The main advantage of the ML analyses is that one can inquire whether different dimensions contribute synergistically to categorical classification or if, alternatively, the different dimensions provide redundant information. To test for synergy, we implemented a predictive model using as input the entire 12-dimensional vector representation of the parameters. Results showed that only the discrimination of morality concepts was synergetic, reaching an F1 score of 0.82 when all features were combined which is a significant (p < 0.001) increase over the best individual features, which reach ~0.75 as shown in Figure 3 (Duration and Roughness). In contrast, the discrimination of logic concepts does not display feature synergy (p > 0.1), as the best classifier reaches 0.65, comparable with the best individual feature (Articulation and Lowest Note, see Figure 3).

Discussion

Here, we showed that despite individual variability in musical composition, musical improvisations can be used to accurately classify the valence of the word which triggers them and, to a lesser degree, also its semantic category.

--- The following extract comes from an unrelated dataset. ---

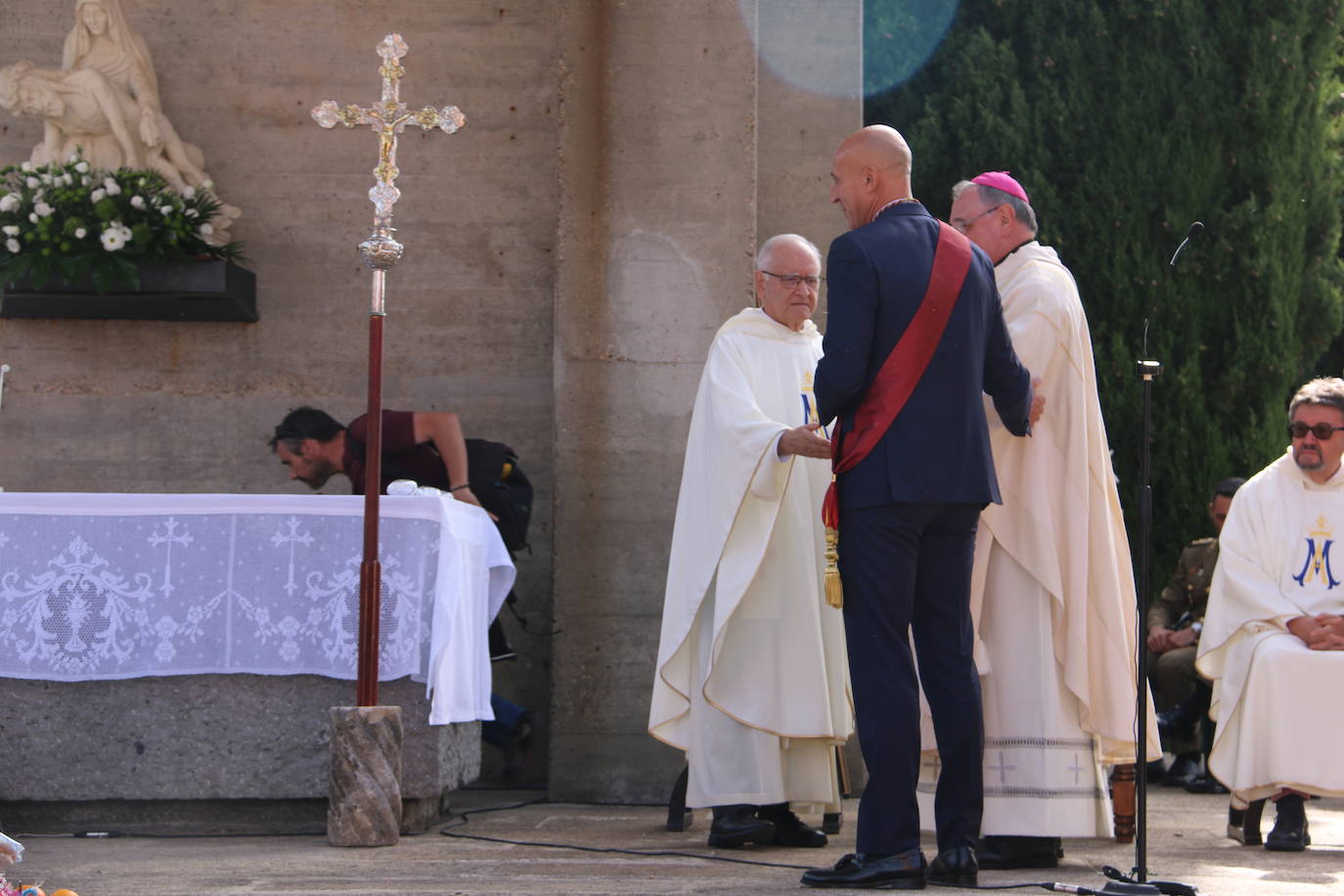 La celebración volvía a 'salir' al parque anexo a la Basílica, tras unos años donde las restricciones obligaron a llevarla a cabo en el interior del templo.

Positive concepts are represented by music with regular and predictable structure, with low harmonic dissonance, low roughness and contained within a higher and comparatively narrower pitch range. Instead, articulation is the dimension with highest capacity to discriminate between logic and morality words. Logic words (regardless of valence) produce more staccato improvisations. Instead moral words, produce more legato improvisations, corresponding to more continuous music.

Our broad finding of a spontaneous associations of musical parameters to meaning fits well both with previous theoretical thinking of music and cognitive neuroscience studies in other domains of association.

Musicology

From a theoretical perspective, the observed correspondences between musical features and the morality and logic domains can be interpreted from the notion of “meaning” in a broad sense, as the reference of musical structures to something different from themselves (Nattiez and Abbate, 1990). More generally, musical information has been interpreted with reference to extra-musical concepts throughout history (Plato, 2002; Zbikowski, 2005). This view, for which we provide evidence in this manuscript, is in tension with a prominent belief in linguistics that rejects the notion that music can transfer specific semantic concepts (Mattheson and Lenneberg, 1958).

More specific to the semantic categories investigated here, concepts related to virtues and morality have been associated with music since Antiquity. From this historical and theoretical perspective it is more surprising that logic concepts, usually associated with abstract logical reasoning, are musically represented, even if this representation achieves less classification power.

Our strategy in this study was to identify the dimensions conveying meaning using an automated analysis of musical parameters. This has the advantage of an objective evaluation of musical properties but it also has inconvenients which should be addressed in future studies. First, while some parameters lend themselves easily to machine analysis (e.g., ambitus, attack time, velocity), others may be less ideally suited for this type of inquiry—including dissonance, entropy, gradus, etc., all parameters which are frequently context-oriented, and convey tremendous semantic information. A second limitation which should be addressed in future studies is possible cultural variations of our results. All our pianists were from Argentina and with long trajectories of formal musical instruction. It would be of interest to understand which of our observations may vary in non-Western improvisational contexts. Would there be commonality in “roughness” or “brightness” between Chinese pianists (or erhu players) and the musicians used in this experiment?

Cognitive Neuroscience

The spontaneous production of reliable musical features from semantic categories fits well with previous experiments showing that cross-modal associations -often mediated by semantic representations- are ubiquitously present in normal cognitive function (Hubbard and Ramachandran, 2005; Cytowic and Eagleman, 2009; North, 2011). Moreover, music can be reliably related with meaning in other domains of semantics than logic and morality which we studied here. For instance, Koelsch and collaborators (Koelsch et al., 2004) showed that music can prime the meaning of a word and determine physiological indices of semantic processing (showing for instance that certain passages of Beethoven symphonies can prime the word “hero” rather than the word “flea”). Baraldi et al. (2006) performed an experiment in which musicians and non-musicians had to produce piano improvisations according to different semantic intentions. Listeners were able to recognize the majority of these intentions with very brief musical fragments.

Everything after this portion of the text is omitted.